What is being asked :: Transcribe the entries exactly. Omit the pictures.

++++ Input for this task ++++

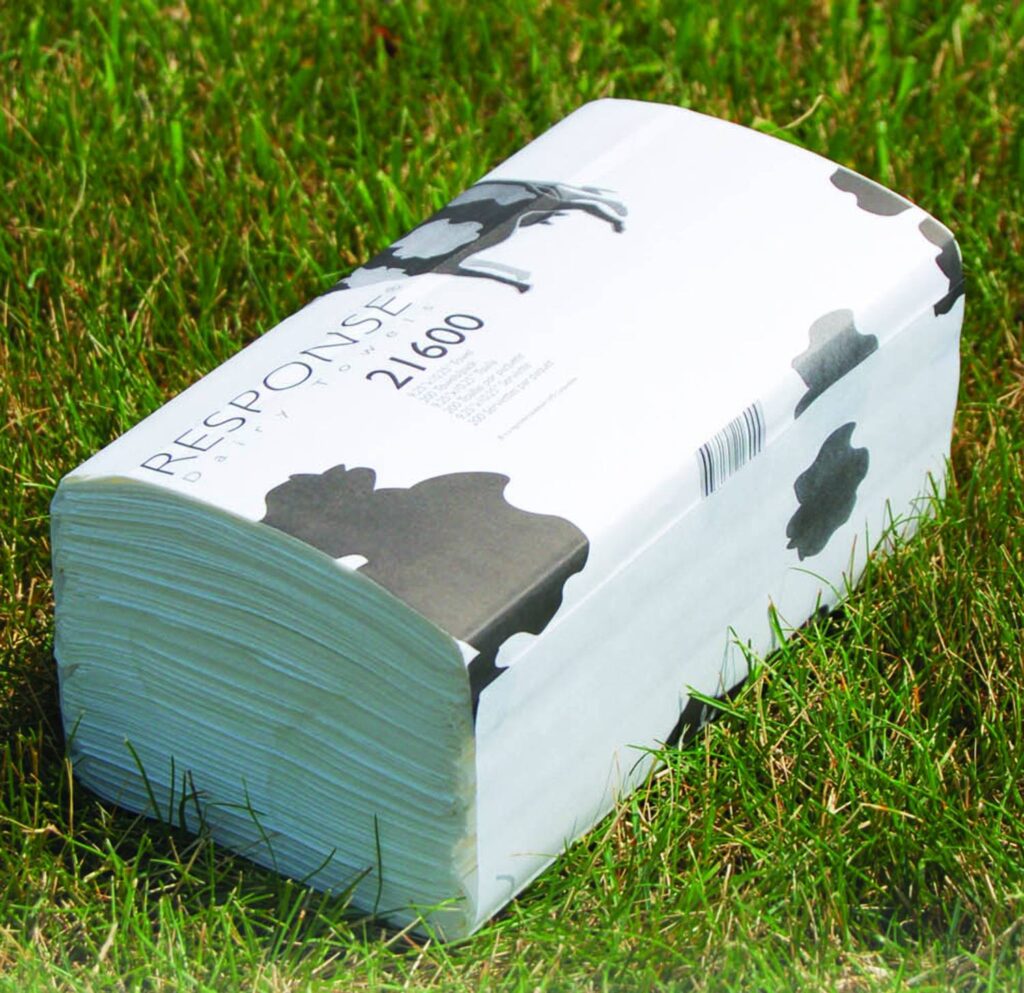 Single Fold Banded Towel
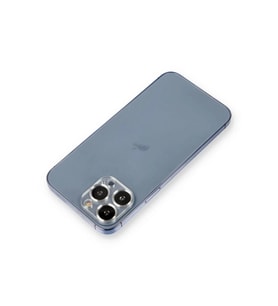 Newface Apple iPhone 12 Pro Metal Kamera Lens Koruma Cam - Gümüş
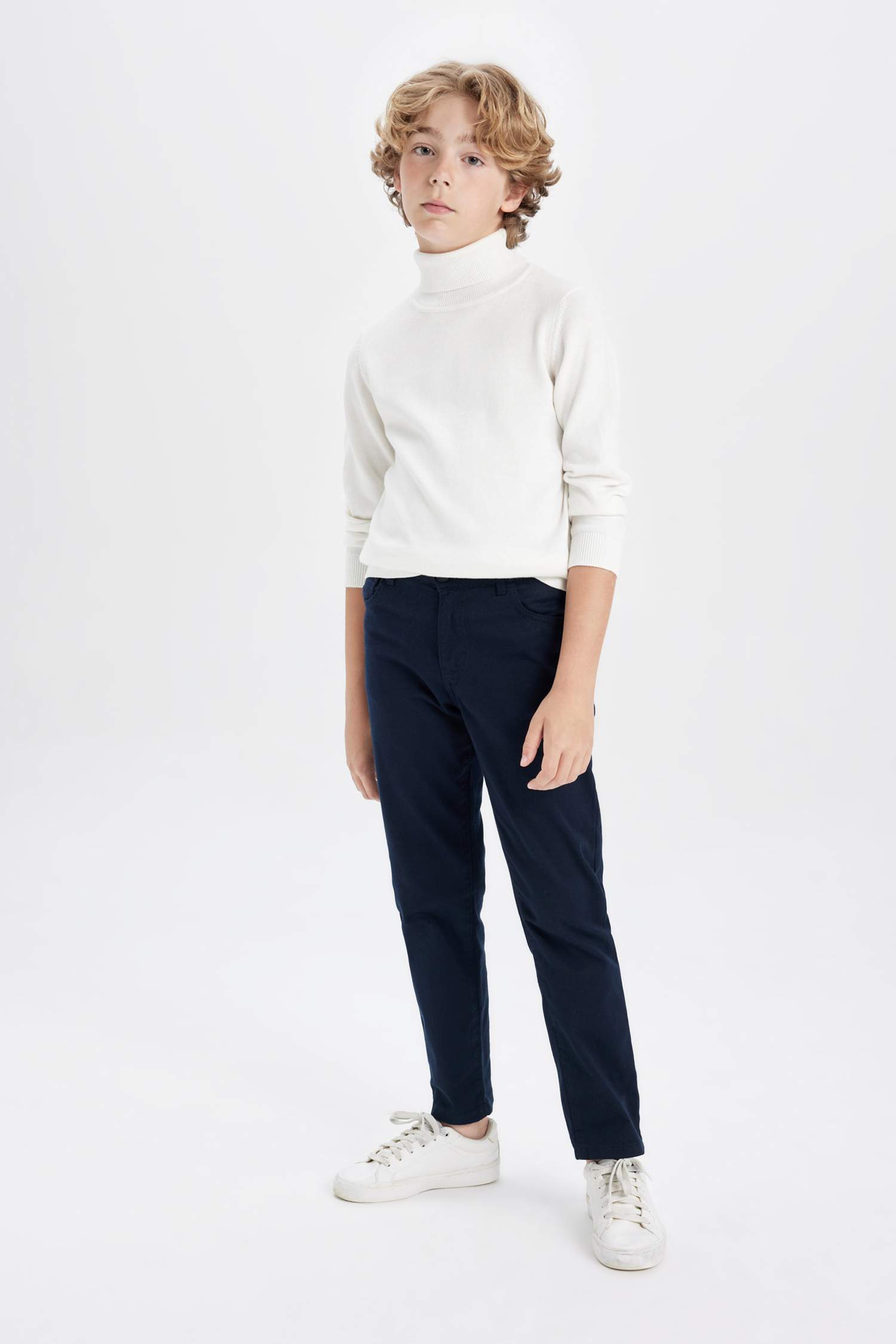 Свитер базовый для мальчиков, Школьная коллекция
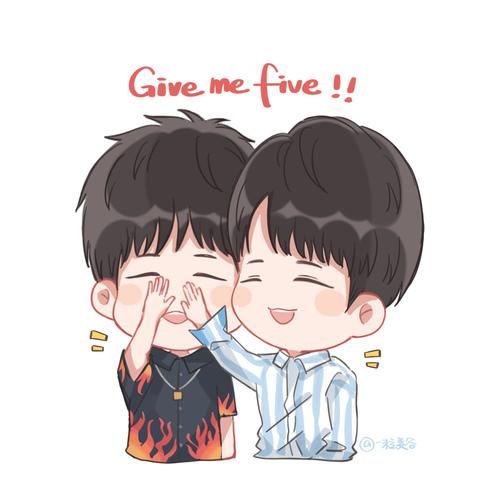 givemefive卡通头像
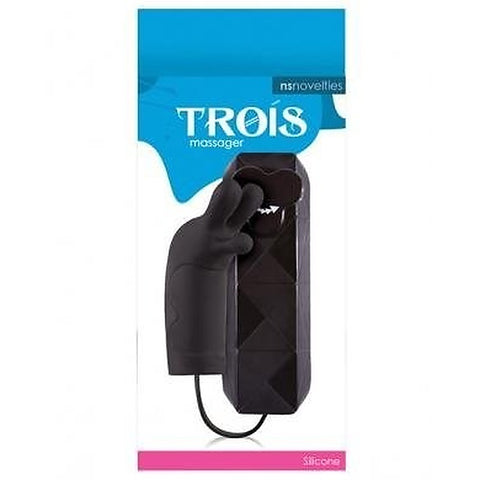 Trois Silicone Clitoral Massager by NS Novelties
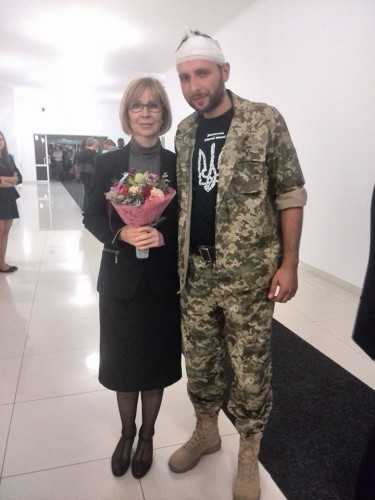 Ирина Довгань и Владимир Парасюк
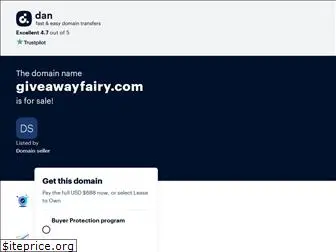 giveawayfairy.com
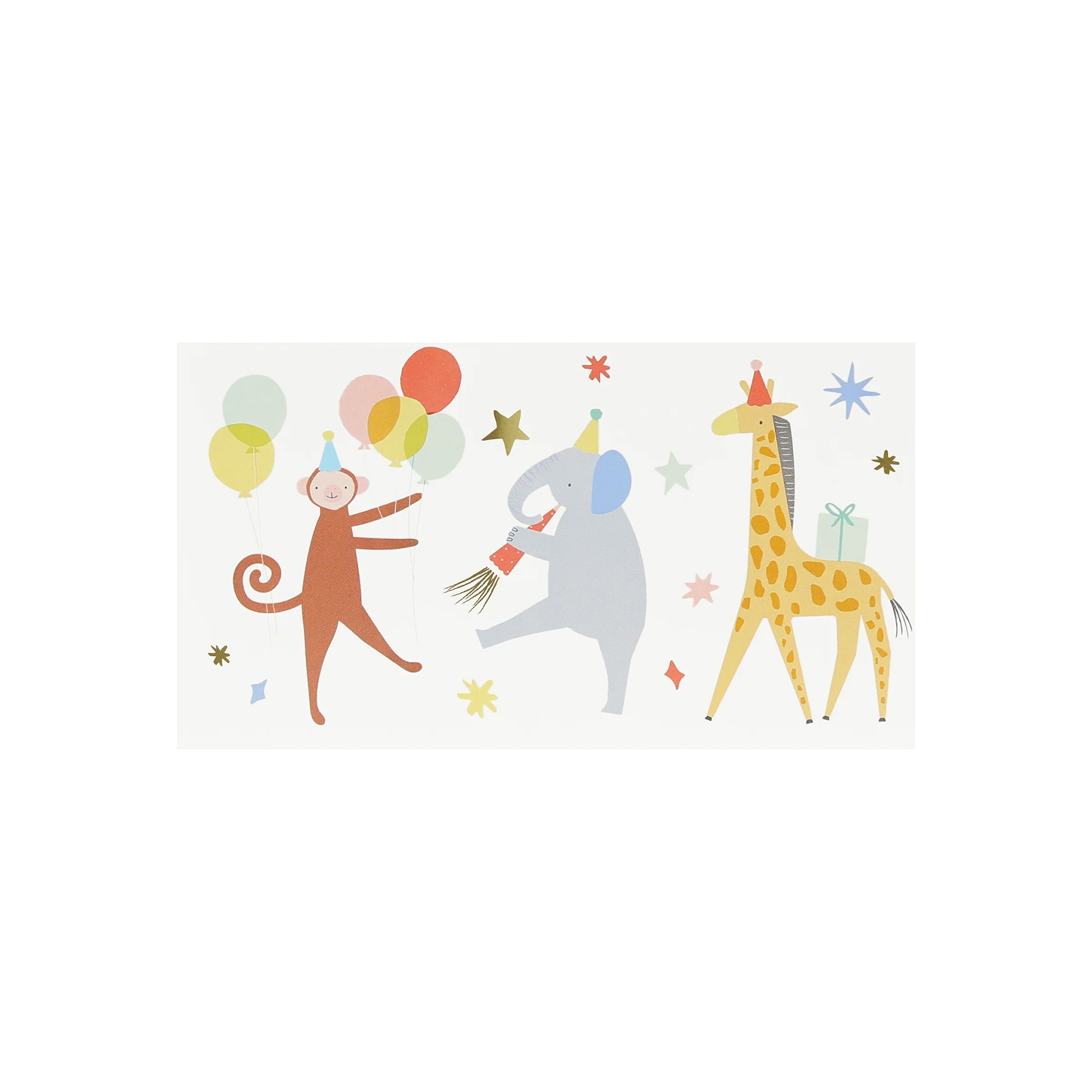 Meri Meri - Tattoos "Parade der Tiere" Meri Meri - Tattoos "Parade der Tiere"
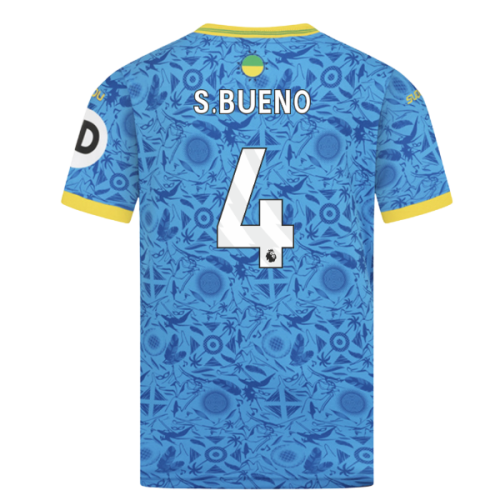 2025-2026 Wolves Third Shirt (Kids) (S.Bueno 4)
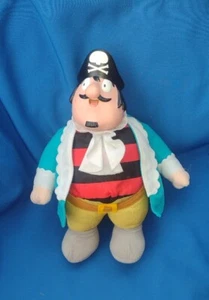 CAPTAIN PUGWASH 9" SOFT TOY PLUSH BY VIVID IMAGINATIONS - Picture 1 of 4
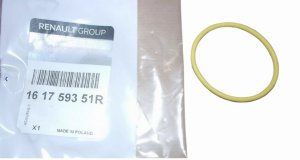 Uszczelka Przepustnicy 161759351R Renault Captur II Oryginał Nowy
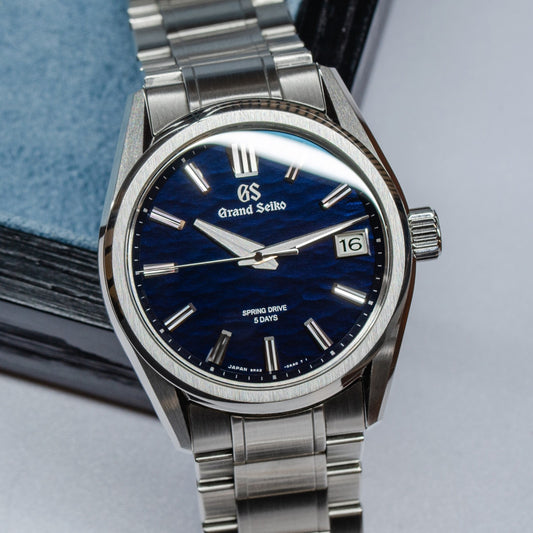 Grand Seiko Evolution 9 Lake Suwa Spring Drive SLGA021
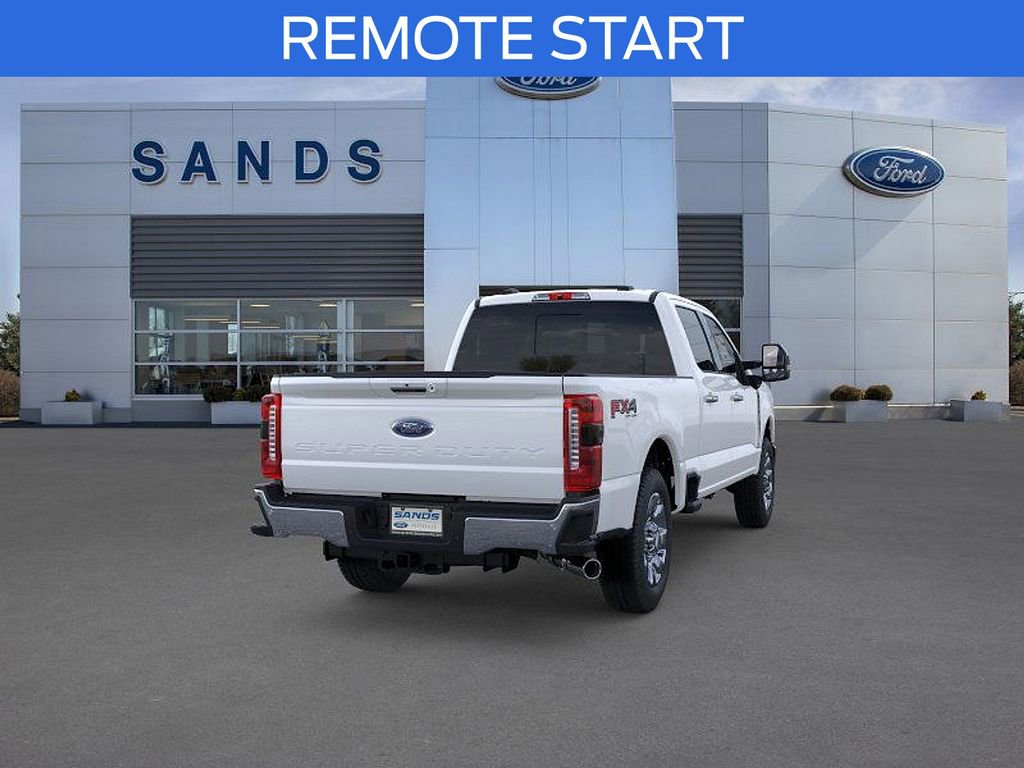 New 2026 Ford F250 Lariat image 8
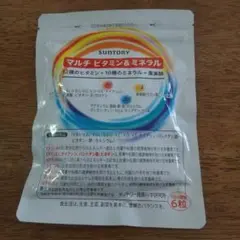 サントリー自然のちから マルチビタミン&ミネラル
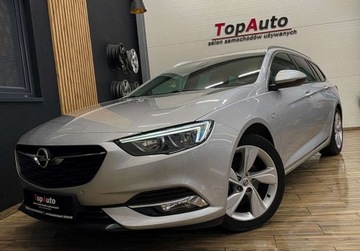 Opel Insignia II Sports Tourer 1.5 Turbo 165KM 2018 Opel Insignia 1.5T 165KM AUTOMAT121.000 Gwarancja BEZWYPADKOWY 1.5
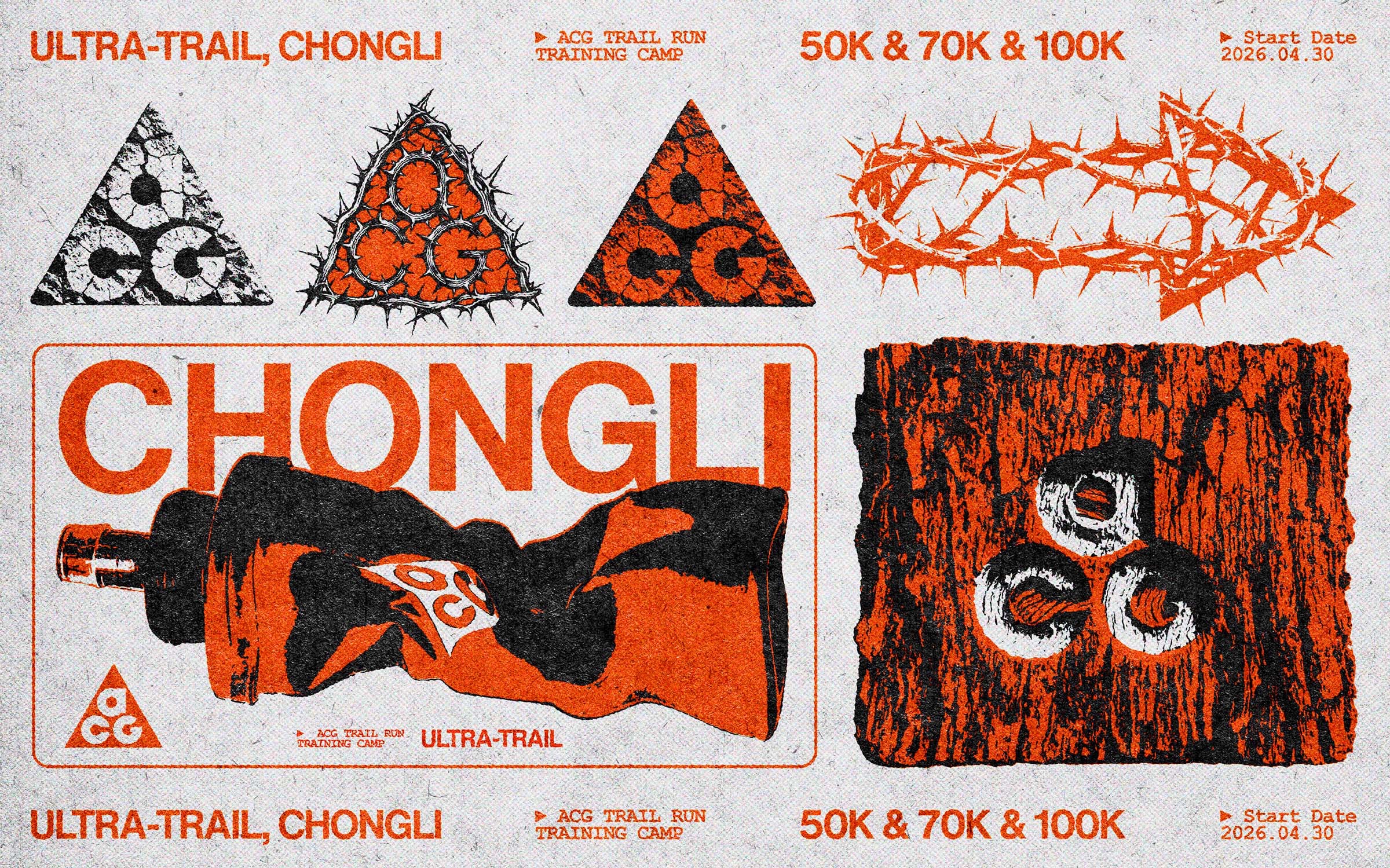 ACG CHONGLI 168 TRAIL RUN TRAINING CAMP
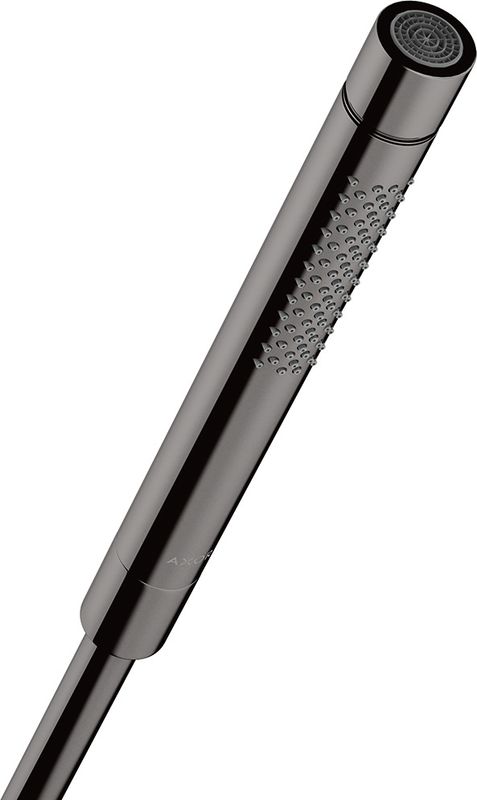 Hansgrohe Handbrause Axor Starck PBC, mit Rubit 2 Strahlarten, Farbe black chrome Bild 1
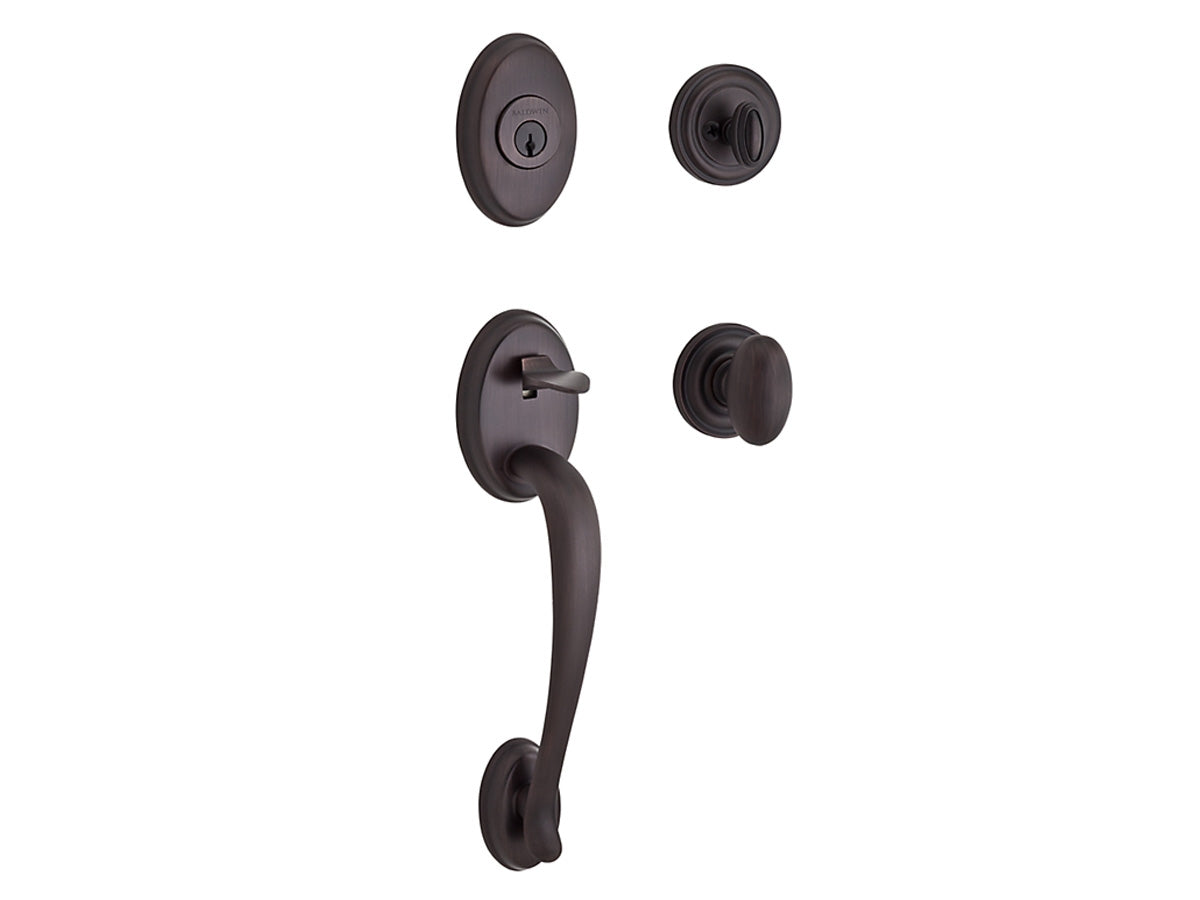 Baldwin Columbus Handleset Venetian Bronze 112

++++

Exercise solution ::
 Single Fold Banded Towel
 Newface Apple iPhone 12 Pro Metal Kamera Lens Koruma Cam - Gümüş
 Свитер базовый для мальчиков, Школьная коллекция
 givemefive卡通头像
 Trois Silicone Clitoral Massager by NS Novelties
 Ирина Довгань и Владимир Парасюк
 giveawayfairy.com
 Meri Meri - Tattoos "Parade der Tiere" Meri Meri - Tattoos "Parade der Tiere"
 2025-2026 Wolves Third Shirt (Kids) (S.Bueno 4)
 CAPTAIN PUGWASH 9" SOFT TOY PLUSH BY VIVID IMAGINATIONS - Picture 1 of 4
 Uszczelka Przepustnicy 161759351R Renault Captur II Oryginał Nowy
 Grand Seiko Evolution 9 Lake Suwa Spring Drive SLGA021
 New 2026 Ford F250 Lariat image 8
 サントリー自然のちから マルチビタミン&ミネラル
 Opel Insignia II Sports Tourer 1.5 Turbo 165KM 2018 Opel Insignia 1.5T 165KM AUTOMAT121.000 Gwarancja BEZWYPADKOWY 1.5
 ACG CHONGLI 168 TRAIL RUN TRAINING CAMP
 Hansgrohe Handbrause Axor Starck PBC, mit Rubit 2 Strahlarten, Farbe black chrome Bild 1
 Baldwin Columbus Handleset Venetian Bronze 112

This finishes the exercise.